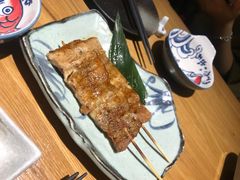 烤柚子五花肉-吉川居酒屋(建国北路店)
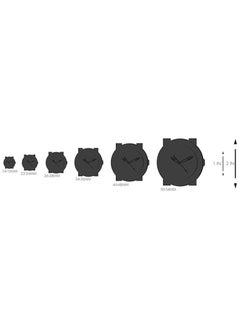 Baby-G Women's Analog-Digital Wrist Watch BGA-170-2B  - Image 4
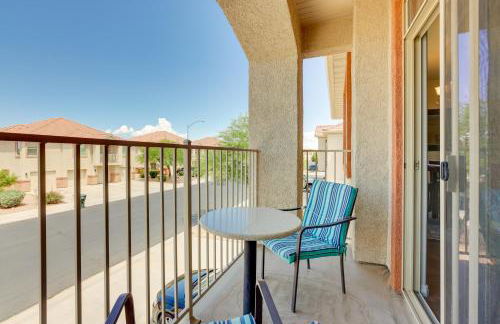 Mesquite Vacation Rental Condo with Resort Amenities - Foto 1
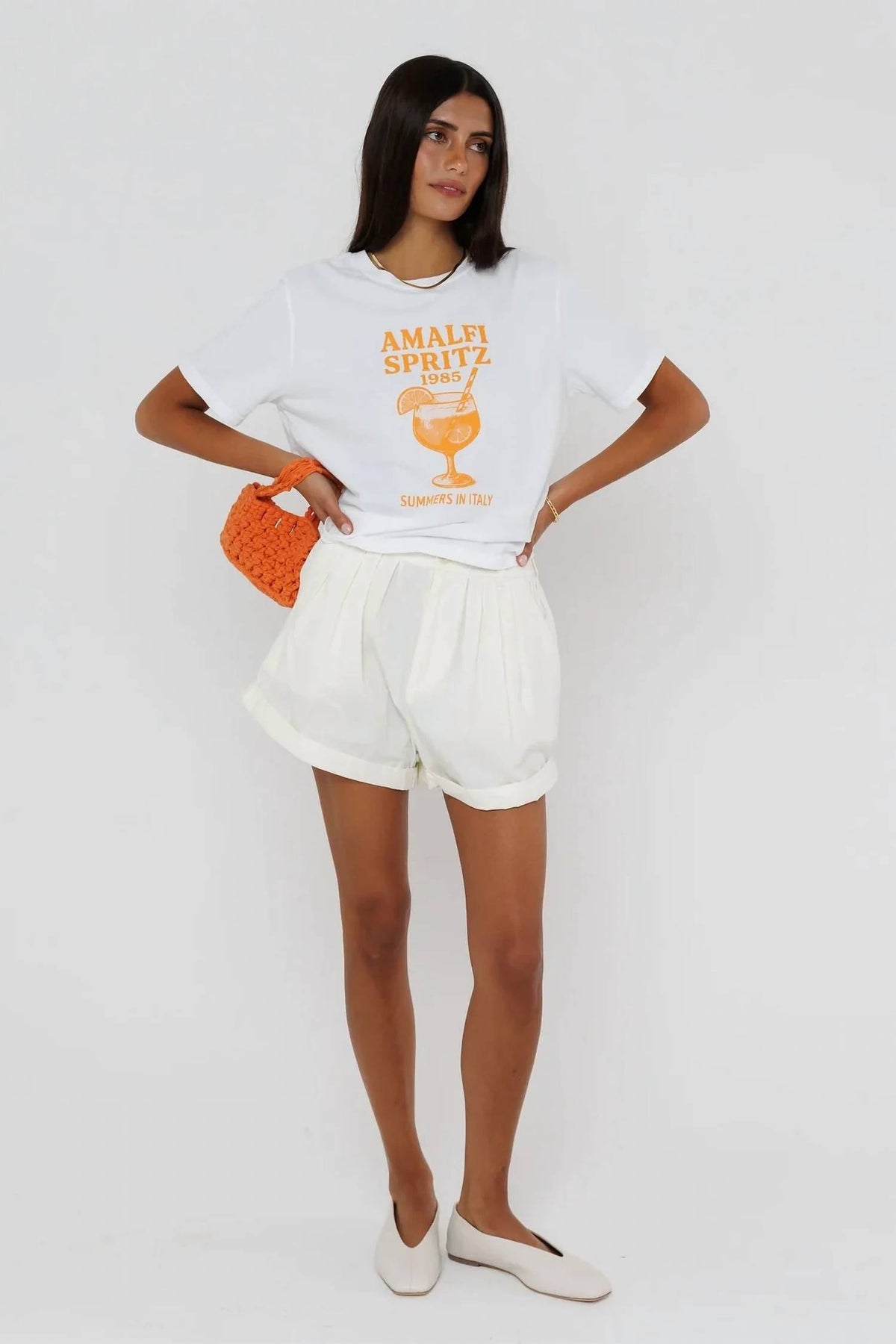 Amalfi Spritz Everyday Tee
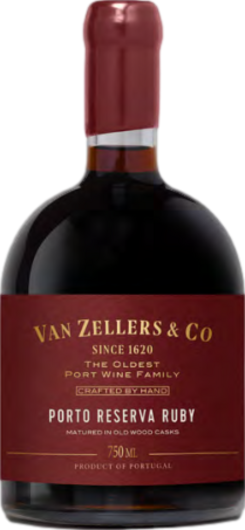 Van Zeller Ruby Port Reserva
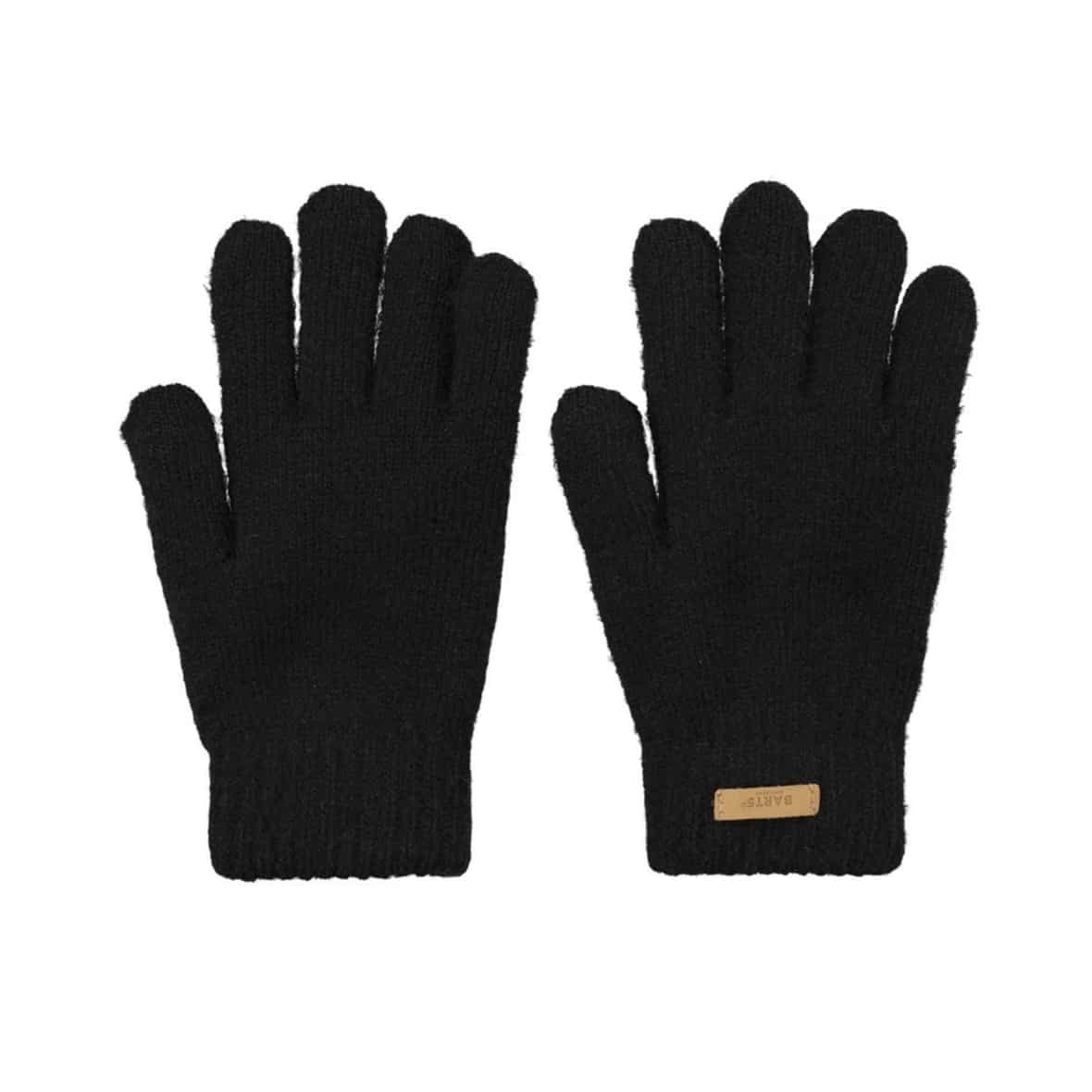 Witzia  Damen Fingerhandschuhe Schwarz_01__BLACK | one size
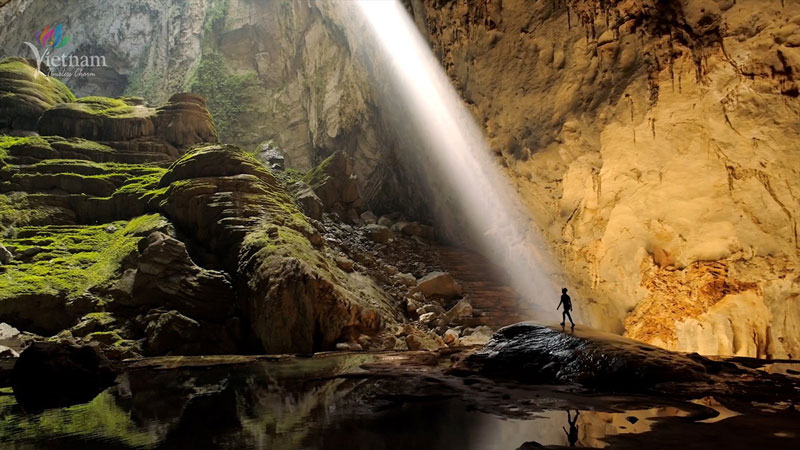  Sơn Đoòng là hang động kỳ vĩ nhất thế giới.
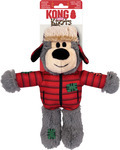 Kong Christmas Wild Knots Bear Medium/Large $5 + Delivery ($0 to Metro with $25 Order) @ PETstock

========================================

**The problem**
Your answer must be the lines from the one containing "Baby-G Women's Analog-Digital" through the last line of the records, copied exactly, with no pictures.

**Your response**
 Baby-G Women's Analog-Digital Wrist Watch BGA-170-2B  - Image 4
 Mesquite Vacation Rental Condo with Resort Amenities - Foto 1
 Amalfi Spritz Everyday Tee
 Van Zeller Ruby Port Reserva
 Witzia  Damen Fingerhandschuhe Schwarz_01__BLACK | one size
  Sơn Đoòng là hang động kỳ vĩ nhất thế giới.
 Kong Christmas Wild Knots Bear Medium/Large $5 + Delivery ($0 to Metro with $25 Order) @ PETstock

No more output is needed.